Perl 6 language and compiler development | Logs at colabti.org/irclogger/irclogger_log/perl6-dev | For toolchain/installation stuff see #perl6-toolchain | For MoarVM see #moarvm
Set by Zoffix on 27 July 2018.
timotimo lizmat: it looks like using a big if/elsif/else is a noticeable bit faster than the when/when/default one in jsonify 00:40
Called 13212853 frames. / 5823134 frames were inlined (44.07%). / 11998426 frames were jitted (90.81%). / 15712 On Stack Replacements were done. 00:48
vs
Called 9938461 frames. / 3373703 frames were inlined (33.95%). / 8756809 frames were jitted (88.11%). / 15711 On Stack Replacements were done. 00:50
m: say 13212853 * 100 / 9938461
camelia 132.94667052
timotimo mhhh, none of the typecheck ACCEPTS method calls seem to be inlined 01:00
sounds like perhaps a good spot to use more nqp ops
Called 5012985 frames. / 2725967 frames were inlined (54.38%). / 3846050 frames were jitted (76.72%). / 15712 On Stack Replacements were done. 01:03
that's a lot less
Ran for 2934055 microseconds (of which 49687 in spesh). - newest code
Ran for 4492072 microseconds (of which 43691 in spesh). - in the middle
Ran for 6359703 microseconds (of which 69481 in spesh). - before i started
like, heck yeah?! 01:04
couldn't have done it without you, lizmat \o/ 01:06
lizmat: btw, normally spesh runs completely in parallel to the program run time, so the "of which $n in spesh" sounds kind of like "more time spent in spesh means the program took less of the total time" 01:09
that was like 49 seconds back in version 0.9.12 01:27
the other in-between versions i don't have on hand right now 01:28
02:23 [Coke] joined
[Coke] hio 02:23
lizmat timotimo: it was my understanding that jnthn would very soon remove that performance difference, so I didn't bother 05:24
07:03 patrickb joined
[Tux] Rakudo version 2019.03.1-667-gd4ceb97e0 - MoarVM version 2019.05-96-gd6f9e02ba
csv-ip5xs0.705 - 0.716
csv-ip5xs-205.267 - 5.742
csv-parser23.861 - 26.589
csv-test-xs-200.432 - 0.435
test6.882 - 7.305
test-t1.831 - 1.848
test-t --race0.816 - 0.835
test-t-2029.331 - 29.875
test-t-20 --race8.984 - 9.260
07:20
(working at home, so the system load is a bit higher than usual)

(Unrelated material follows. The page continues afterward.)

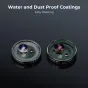 K&F Concept K&F MCUV Protection Filter 28 Multi-Coated UV Filter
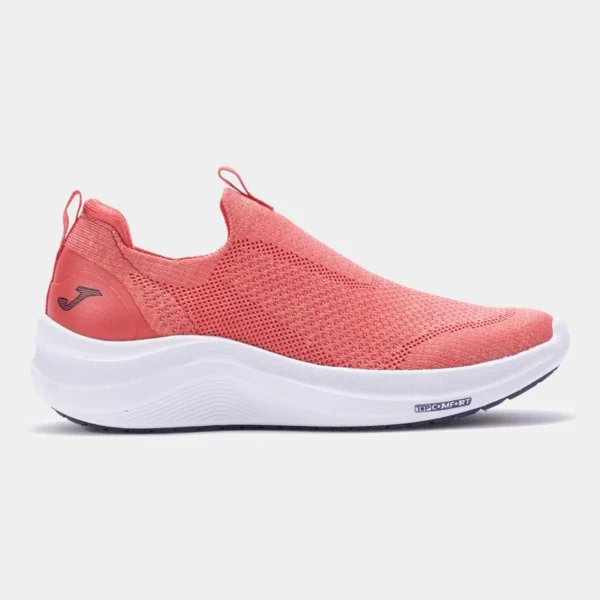JOMA CASUAL C.LACELESS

jnthn timotimo: Hm, odd about ACCEPTS inlining....I'd have thought that was a perfect candidate to inline... 09:18
timotimo same :) 09:19
but maybe not a frame that has fifty ACCEPTS in it :) :)
where not all of them are used often before spesh hits 09:20
11:53 AlexDaniel left 12:05 AlexDaniel joined
Geth Ā¦ problem-solving: AlexDaniel self-assigned X::MyModule::Foo or MyModule::X::Foo ? github.com/perl6/problem-solving/issues/57 13:04
13:37 dogbert17 joined 14:02 MasterDuke left 15:39 patrickb left 16:28 MasterDuke joined
TimToady switches were designed for AOT optimization, not JIT 16:47
even inlining is not going to get you the performance of a jump table 16:52
and, in fact, that optimization was my main motivation for making smartmatch asymmetric 16:53
timotimo what's a good approach to a jumptable based on types? because the given/when (or with/when in this case) was only about type checks 17:08
TimToady probably a good spot for a perfect hash 17:09
or just a "good enough" hash
timotimo calculated once when the code is loaded? since the addresses of types are 1) a run-time thing and b) potentially subject to moavement from the GC
TimToady on string dispatches, Perl 4 just sent to the first statement that could match the initial character
well, it's mostly for small integers, or something that can easily be turned into a small integer 17:10
timotimo ah, so if you have a series of switches starting with "abacus", then a million different versions of "xylophone" and at the very end an "apotheosis", you'd get really bad performance? 17:11
TimToady doesn't have to be perfect, since you still have the actual tests
timotimo if apotheosis is the one you're looking for, that is
TimToady though on an integer switch without holes, it's pretty easy to get rid of the tests too
timotimo aye, we even already have a "jumptable" op that the qastcompiler at the very least can use
TimToady yes, for strings the P4 behavior was only a heuristic that often helped, but not guarantees 17:12
timotimo not entirely sure if you can write it as a QAST tree, but it could be made possible
TimToady it was pretty much guaranteed not to make it much worse, though
timotimo true
TimToady basically, just a way to prove you can skip the next N statements
timotimo does perl5 have something more refined than that? like finding which position in the string has the most "balanced" skip-ability 17:13
TimToady afaik p5 never implemented anything like that
it does have trie matching though
timotimo that also sounds worthwhile
TimToady but I think that's only down in the regex engine
could be wrong about that... 17:14
timotimo at some point we may want to hook up the nfa engine with given/when in some cases
TimToady a lot of the speed of p5 comes of pulling stuff out of the regex engine so as to never call it 17:15
timotimo the nfa evaluator isn't terribly slow, i don't think
TimToady well, it's in C
and uses a real switch 17:16
timotimo i'm not aware of a way to jit that
i mean i guess some forms of NFA translate very easily to a piece of assembly code
looking more into vectorizing that thing could be a task for the future, maybe the far future
17:16 [TuxCM] joined
TimToady well, we can avoid calling it 4x as many times as we should by propagating fates, which is something jnthn & I have been contemplating 17:16
timotimo aye 17:17
i recall some difficulty about unique naming of fates so that combining stuff while loading modules isn't troublesome
TimToady it would be really helpful if someone added an NFA instruction that could access the current Match object
well, there's two theories on that 17:18
timotimo are you talking about read access or write access?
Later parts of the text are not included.